Once again Debit and Credit card details of Indian users are getting stolen. Cyber security expert Rajshekhar Rajharia claimed that credit and debit card details of around 100million Indians is being sold over the Dark Web. Most of the data among the stolen data is leaked from Bangalore based Digital Payment Gateway Juspay’s Server. Last month Rajshekhar claimed that Details of around 7 million Indian users were leaked.
According to Cyber Security expert this data is being sold on Dark web. Leaked data mainly contains the name, mobile no’s, email address and first and last four digits of card no. and PAN card detail of the users. He also shared Snapshots of related to this matter.
10 Crore Indian Cardholder’s Cards Data Including Name, Mobile, BankName Leaked from @juspay Server. Available for Sell on DarkWeb.
Story – https://t.co/WczIrFeLel #Infosec #DataLeak #DataBreach #infosecurity #CyberSecurity #GDPR #DataSecurity #Banks #CreditCard #dataprotection pic.twitter.com/X1KYcP8WSh
— Rajshekhar Rajaharia (@rajaharia) January 3, 2021
Juspay hid the actual no from user
Company claimed that there is no compromise with the card no or any financial details of the user during the cyber attack. According to the report no of users whose data got leak is 100millin but actual no is very low. In a statement company mentioned that someone tried to access their server in a unauthorized way on august 18, 2020 but stopped in between by the experts. Some common information, plain text email and phone numbers were leaked which amounts to very less than 100million.
Data is being sold through Bit Coin
Rajharia claimed, these data is sold over Dark Web via crypto-currency Bit Coin.
Hackers are also trying through telegram to get this data.

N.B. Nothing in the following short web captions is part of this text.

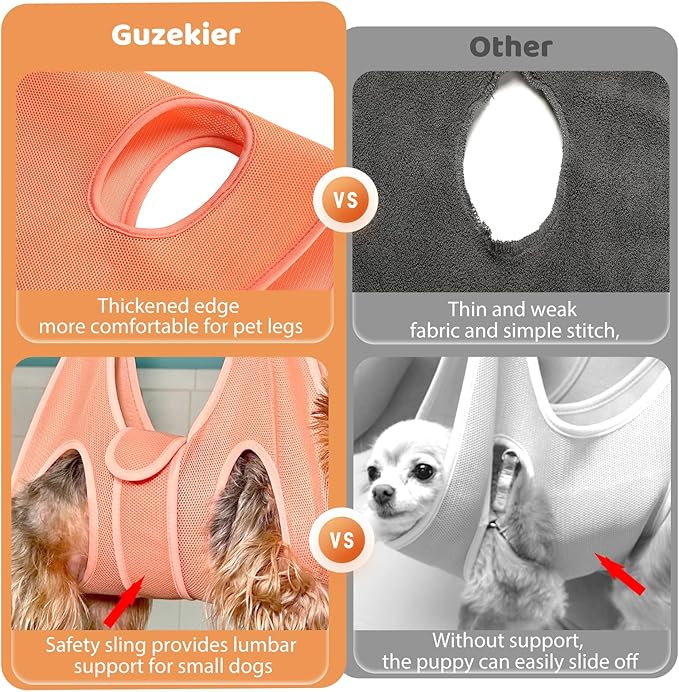 Guzekier Dog Grooming Hammock Harness for Dogs, Dog Nail Clipper-Mewly Pet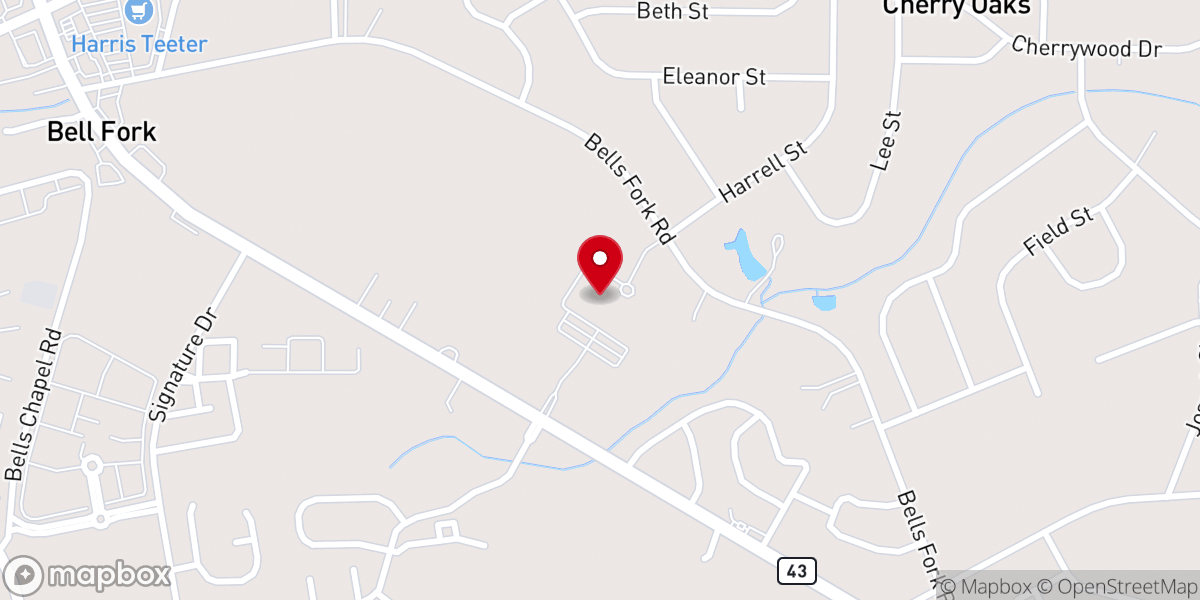 Map showing location of Unity Church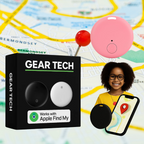 Portachiavi GPS per bambini, impermeabile, con batteria da 12 mesi, compatibile con Dov’è di iOS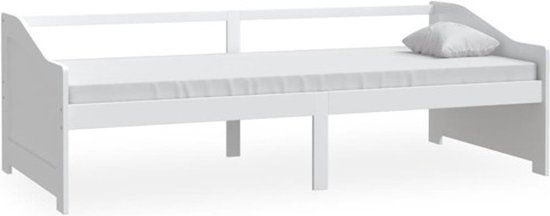 vidaXL Bedbank - 3-zits - massief - grenenhout - 90x200 cm - wit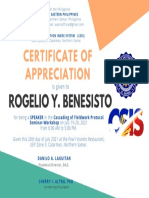 Certificate of Appreciation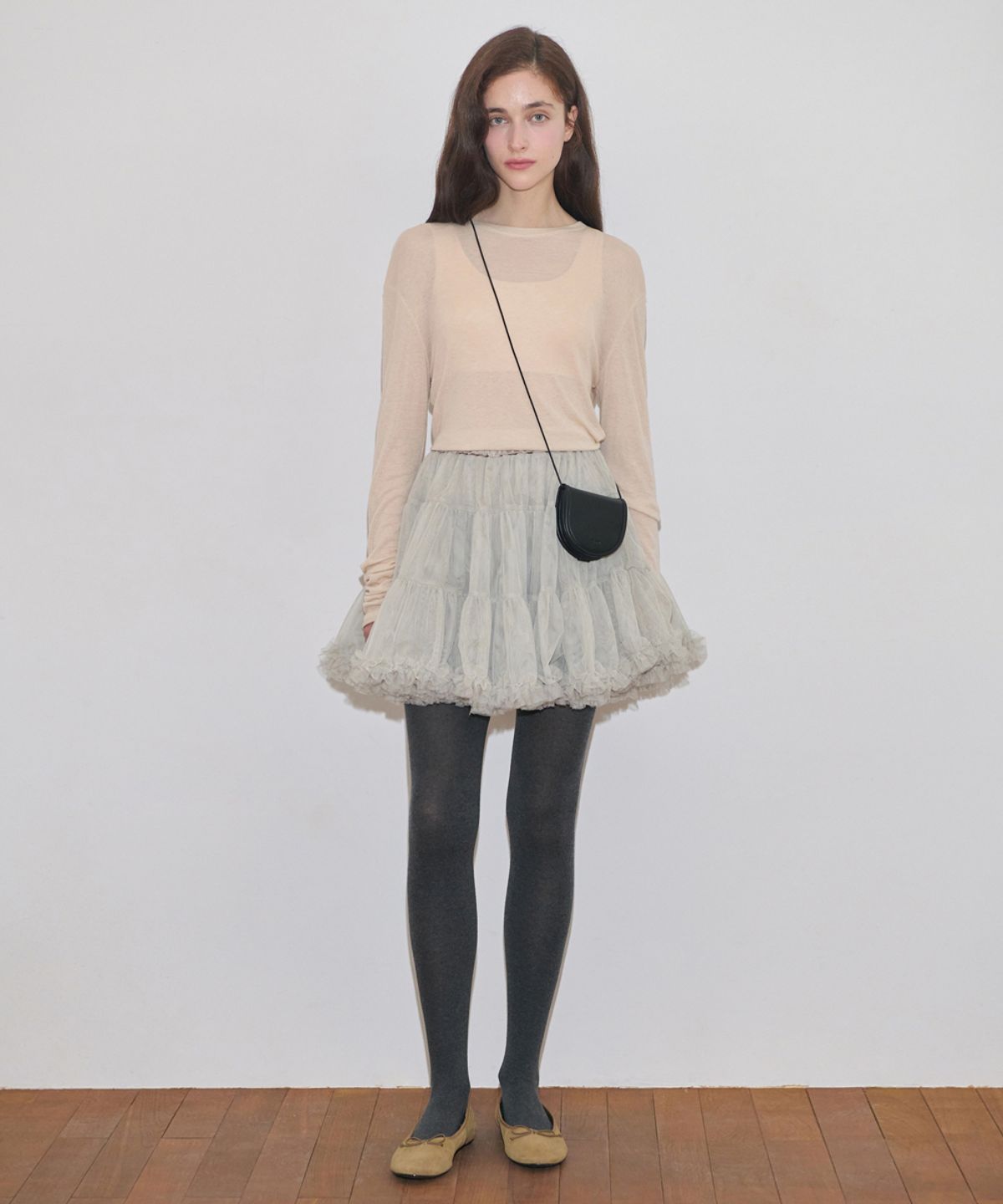시눈(SINOON) Tute Skirt (Greyish Green)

Juspay follows the Payment Card Industry Data Security Standard (PCIDSS). If the hackers use Hash Algorithm to generated finger print than they may decrypt the masked card no. in such case it will be hazardous for account of all the 100 million users.

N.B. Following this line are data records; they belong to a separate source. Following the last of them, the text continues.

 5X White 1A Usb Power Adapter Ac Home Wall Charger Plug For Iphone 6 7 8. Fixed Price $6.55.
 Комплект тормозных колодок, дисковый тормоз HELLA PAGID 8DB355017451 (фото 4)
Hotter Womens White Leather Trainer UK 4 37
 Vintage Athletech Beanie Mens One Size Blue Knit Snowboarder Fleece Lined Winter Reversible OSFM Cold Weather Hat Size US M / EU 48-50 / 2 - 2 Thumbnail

Company confessed that hacker got access till their developer but leaked information didn’t contain any sensitive item. Company also claimed that they informed the merchant on the same day.
7 million user’s data got leak in December 2020
Last month Credit and Debit card data of around 7 million users was leaked. Rajshekhar found a google drive named-“Credit card holders data” which can be downloaded via link. This google drive not only contains the name but also contains the phone number, PAN, income levels and email id of the card holders.
What is Dark Web?
It is a part of internet searching but can not be found over common search engines like google, Bing etc. To access such site the user need special type of browser called as Tor. The sites of Dark Web are hid using Tor Encrypted tool . Any attempt to unauthorized access of this may causes loss of private data. These sites can only be accesses via special authorization process or specific software and configuration.